DATASET RECORDS:

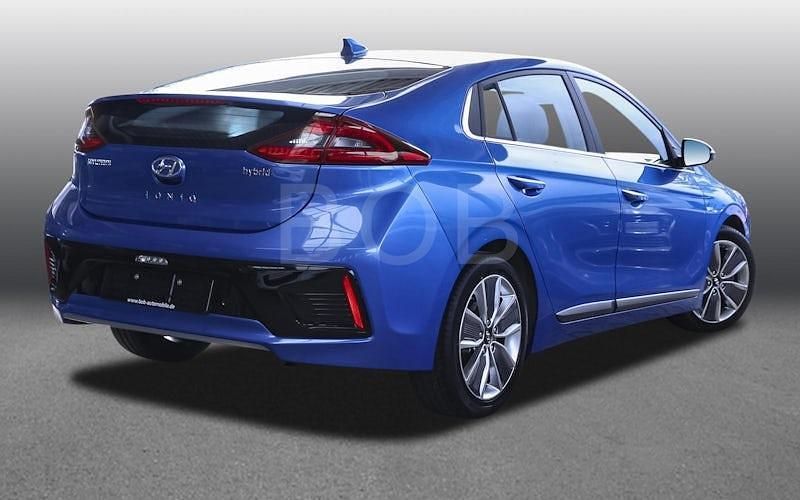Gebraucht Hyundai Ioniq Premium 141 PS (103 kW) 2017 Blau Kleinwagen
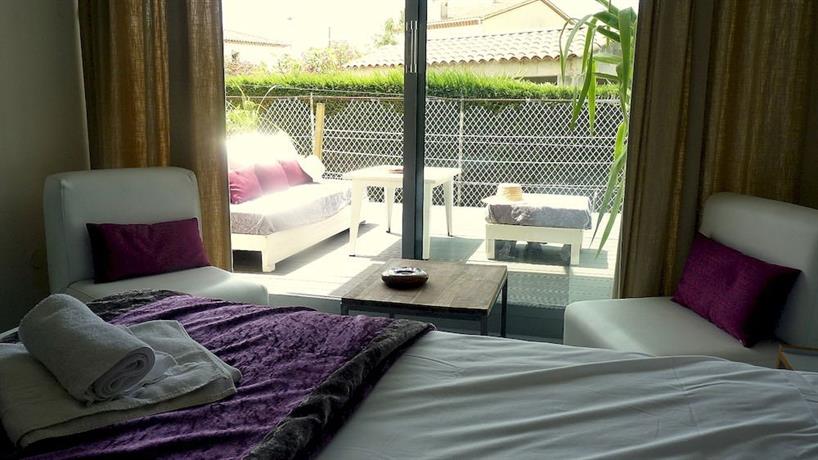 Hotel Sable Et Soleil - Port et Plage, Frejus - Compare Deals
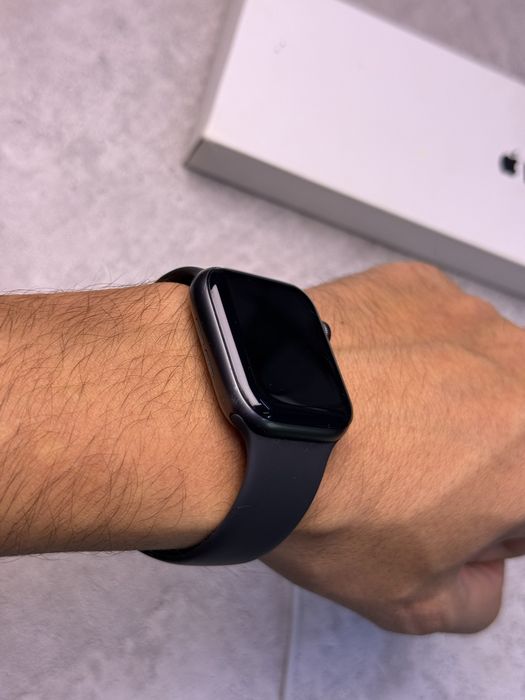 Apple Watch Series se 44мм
==
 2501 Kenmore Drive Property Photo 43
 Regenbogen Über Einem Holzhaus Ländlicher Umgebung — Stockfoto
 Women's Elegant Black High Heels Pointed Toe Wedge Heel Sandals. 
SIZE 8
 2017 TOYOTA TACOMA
==
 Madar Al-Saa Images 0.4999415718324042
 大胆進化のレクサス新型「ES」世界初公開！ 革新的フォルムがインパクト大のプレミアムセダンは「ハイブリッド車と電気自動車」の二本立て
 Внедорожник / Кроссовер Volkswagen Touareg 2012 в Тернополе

EXERCISE PROMPT:
For this exercise, please set down exactly the lines of the listing above from the line with "Gebraucht Hyundai Ioniq" up to and including the line with "Apple Watch Series se 44мм", and no pictures.

SOLUTION FOR THIS TASK:
Gebraucht Hyundai Ioniq Premium 141 PS (103 kW) 2017 Blau Kleinwagen
 Hotel Sable Et Soleil - Port et Plage, Frejus - Compare Deals
 Apple Watch Series se 44мм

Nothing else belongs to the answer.